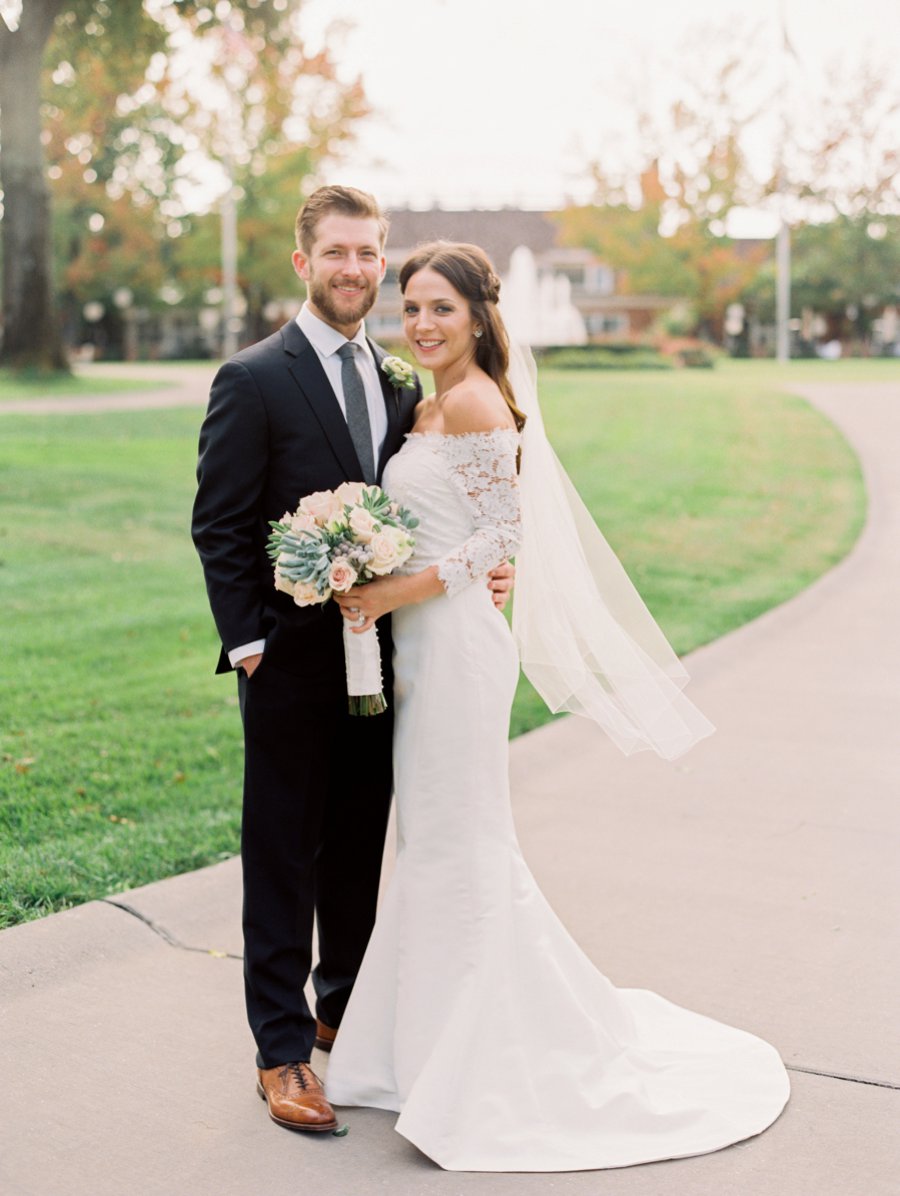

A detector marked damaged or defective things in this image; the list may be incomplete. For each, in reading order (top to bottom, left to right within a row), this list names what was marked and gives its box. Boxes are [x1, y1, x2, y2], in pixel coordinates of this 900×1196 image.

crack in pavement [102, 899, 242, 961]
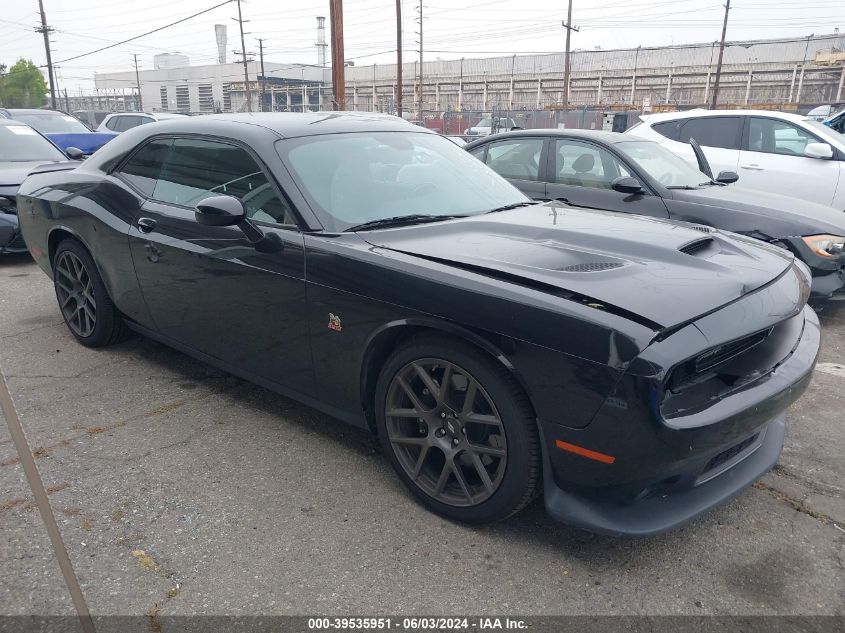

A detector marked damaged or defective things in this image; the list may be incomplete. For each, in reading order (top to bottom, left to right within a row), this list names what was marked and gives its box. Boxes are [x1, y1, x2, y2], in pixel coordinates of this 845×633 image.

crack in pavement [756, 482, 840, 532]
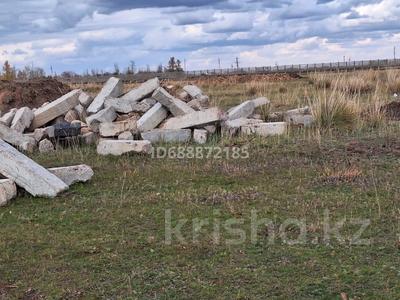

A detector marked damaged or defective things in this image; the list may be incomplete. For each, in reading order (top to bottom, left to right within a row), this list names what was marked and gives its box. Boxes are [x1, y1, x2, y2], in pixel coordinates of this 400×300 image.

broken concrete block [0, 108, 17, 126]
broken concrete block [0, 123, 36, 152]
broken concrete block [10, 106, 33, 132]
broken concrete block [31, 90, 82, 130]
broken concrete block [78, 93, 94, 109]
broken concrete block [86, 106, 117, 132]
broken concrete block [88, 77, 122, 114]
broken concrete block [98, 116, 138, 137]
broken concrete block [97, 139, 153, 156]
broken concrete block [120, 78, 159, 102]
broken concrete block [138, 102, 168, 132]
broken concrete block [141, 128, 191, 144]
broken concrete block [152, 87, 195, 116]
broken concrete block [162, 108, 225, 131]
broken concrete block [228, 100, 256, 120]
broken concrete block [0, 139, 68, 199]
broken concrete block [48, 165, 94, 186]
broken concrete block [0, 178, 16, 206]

****

→ **Work item**
Starting at the line that contains "this 400×300 image.", print every line through the last one of the records, exactly and with nothing else.

→ **Output for this exercise**
A detector marked damaged or defective things in this image; the list may be incomplete. For each, in reading order (top to bottom, left to right within a row), this list names what was marked and gives its box. Boxes are [x1, y1, x2, y2], in pixel coordinates of this 400×300 image.

broken concrete block [0, 108, 17, 126]
broken concrete block [0, 123, 36, 152]
broken concrete block [10, 106, 33, 132]
broken concrete block [31, 90, 82, 130]
broken concrete block [78, 93, 94, 109]
broken concrete block [86, 106, 117, 132]
broken concrete block [88, 77, 122, 114]
broken concrete block [98, 116, 138, 137]
broken concrete block [97, 139, 153, 156]
broken concrete block [120, 78, 159, 102]
broken concrete block [138, 102, 168, 132]
broken concrete block [141, 128, 191, 144]
broken concrete block [152, 87, 195, 116]
broken concrete block [162, 108, 225, 131]
broken concrete block [228, 100, 256, 120]
broken concrete block [0, 139, 68, 199]
broken concrete block [48, 165, 94, 186]
broken concrete block [0, 178, 16, 206]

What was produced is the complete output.